WHAT IS REQUIRED —
Only what runs from the line with "ジッパー付きのパーソナライズ" to the final line of the records below should be given again, word for word.

DATA SECTION —
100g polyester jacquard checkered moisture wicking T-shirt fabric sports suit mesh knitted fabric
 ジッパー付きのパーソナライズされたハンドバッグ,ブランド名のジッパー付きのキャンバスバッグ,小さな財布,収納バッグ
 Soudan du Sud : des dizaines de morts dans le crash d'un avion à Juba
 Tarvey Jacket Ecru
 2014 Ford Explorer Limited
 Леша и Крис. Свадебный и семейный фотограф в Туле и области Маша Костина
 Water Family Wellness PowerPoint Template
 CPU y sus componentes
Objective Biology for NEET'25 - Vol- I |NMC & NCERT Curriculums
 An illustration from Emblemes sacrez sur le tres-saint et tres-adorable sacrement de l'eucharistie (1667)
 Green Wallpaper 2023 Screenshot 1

SOLUTION FOR THIS PROBLEM —
 ジッパー付きのパーソナライズされたハンドバッグ,ブランド名のジッパー付きのキャンバスバッグ,小さな財布,収納バッグ
 Soudan du Sud : des dizaines de morts dans le crash d'un avion à Juba
 Tarvey Jacket Ecru
 2014 Ford Explorer Limited
 Леша и Крис. Свадебный и семейный фотограф в Туле и области Маша Костина
 Water Family Wellness PowerPoint Template
 CPU y sus componentes
Objective Biology for NEET'25 - Vol- I |NMC & NCERT Curriculums
 An illustration from Emblemes sacrez sur le tres-saint et tres-adorable sacrement de l'eucharistie (1667)
 Green Wallpaper 2023 Screenshot 1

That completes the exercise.